We packed a number of snacks and a few cans of chilled soda in a small cooler, with reusable ice packs. Our snacks included our favorite crackers and a package of Cracker Barrel "cheese sticks", as well as some fruit, and 2 water bottles accessib le from the front seat. (We both find that occasional sips of plain water can be a big help when driving. Some people say that travel is dehydrating, and we agree.)

We left Vermont on Monday, April 13, the day after Easter. My wife settled in with her maps and directions, and we were off. (Yes, the double meaning IS obvious!) All told, we would drive a total of 2,500 miles, through 10 other states, before we returned on Sunday, April 19. I drove the whole way, and my wife navigated. We've always taken our trips that way, and find that it works well for both of us. (By the way, we never paid a single toll on the whole trip!)

Here's a synopsis of our trip. If I have made errors on route numbers or whatever, I apologize in advance. I'm still a bit tired!

DAY ONE -- MONDAY --VERMONT TO WILKES-BARRE, PA VIA I-90, I-88, and I-81.

We packed our car (a P T Cruiser) and left home at 10:00, driving down U.S. Routes 7 and 22 to Stephentown, NY, where we met our daughter for breakfast before leaving for the first day's travels.
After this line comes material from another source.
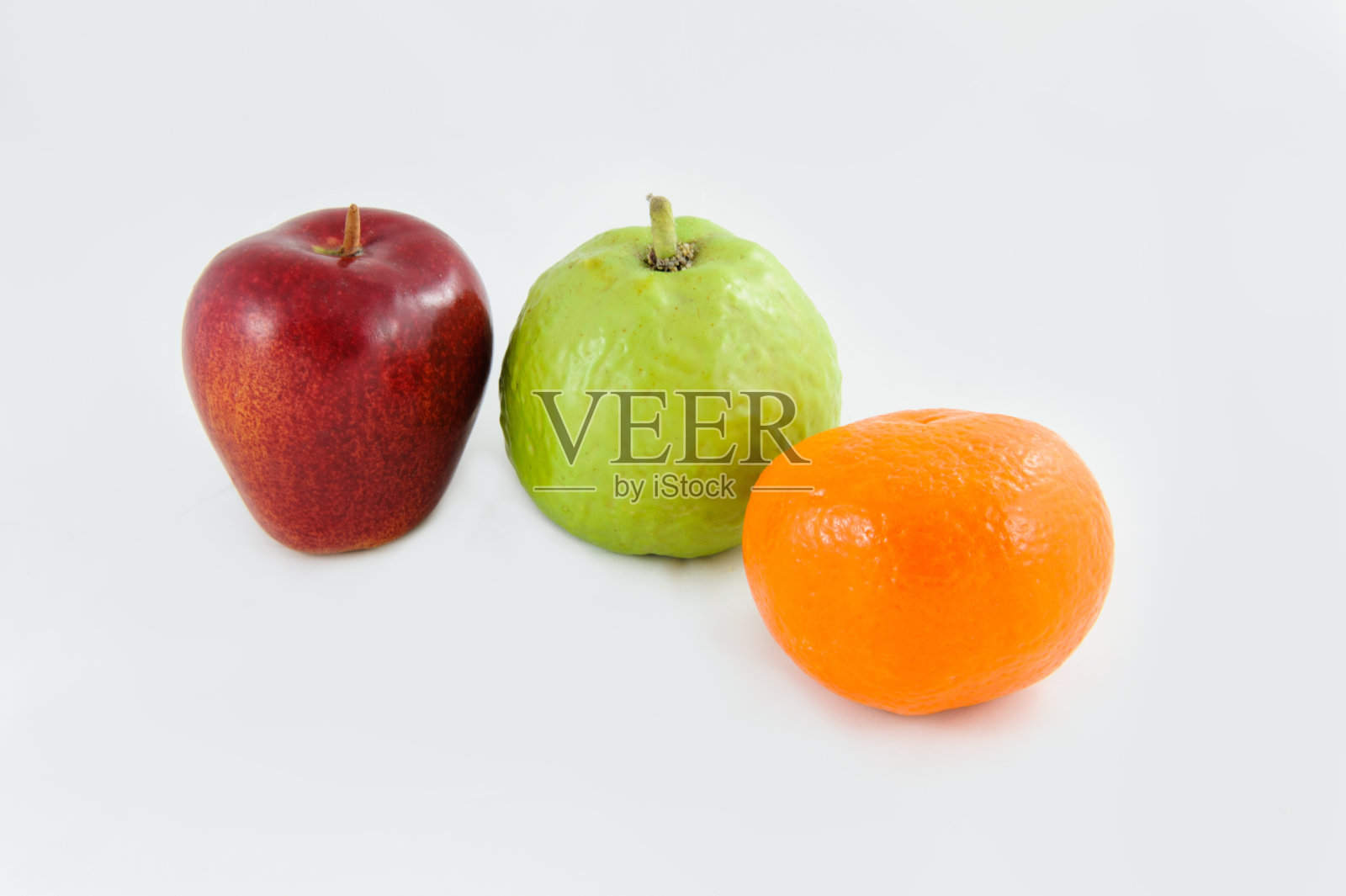 灰白色的田野上成熟的果实照片摄影图片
We then drove to Albany, NY and briefly picked up I-90 (the New York Thruway), until we reached I-88, which we took to Binghamton. Note: We found I-88 to be an excellent way to reach I-81 South. It is also toll-free.)

Highway construction on I-81 slowed us considerably! However, we reached some friends' home in Wilkes-Barre late in the afternoon and spent the night with them before proceeding the next day.

DAY TWO -- TUESDAY -- WILKES-BARRE, PA TO CHRISTIANSBURG, VA VIA I-81

This was our only rainy day, and the only day that we had not made some kind of advanced plans for the evening's lodging (something we usually do). We had deliberately left our plans open because of the serious auto accident noted above, so that we could possibly even abort the whole trip, if need be! We found ourselves feeling comfortable with the driving, however, so we decided to proceed. However, because of our discomfort with where we might stay that night, we had decided that, henceforth, we would always reserve in the morning, choosing a place that was an achievable distance away.

Thankfully, we found a lovely place (The Oaks Victorian Inn) in Christiansburg, VA. We arrived there late that afternoon. The inn was very luxurious, there were "treats" in the common areas as well as in our room, the innkeeper was a joy, the room and bath were excellent.

DAY THREE -- WEDNESDAY -- CHRISTIANSBURG, VA TO NORTHERN GA VIA I-81, I-40, I-26, I-85, AND VARIOUS OTHER HIGHWAYS.

The breakfast at The Oaks the next morning was wonderful. We would definitely stay here again.

This was to be a day in which we hoped that "shortcuts" would take us through portions of Tennessee and North Carolina and into northern Georgia. However, those plans changed quite a bit, based on advice from the folks in the Tennessee Travel Center! They asked if we had ever taken the secondary roads we planned to take through the Smokies, and, when we said we had not, they urged us to reconsider. They advised us that there would be "switchbacks" and steep grades, as well as some drop-offs along the roads in question.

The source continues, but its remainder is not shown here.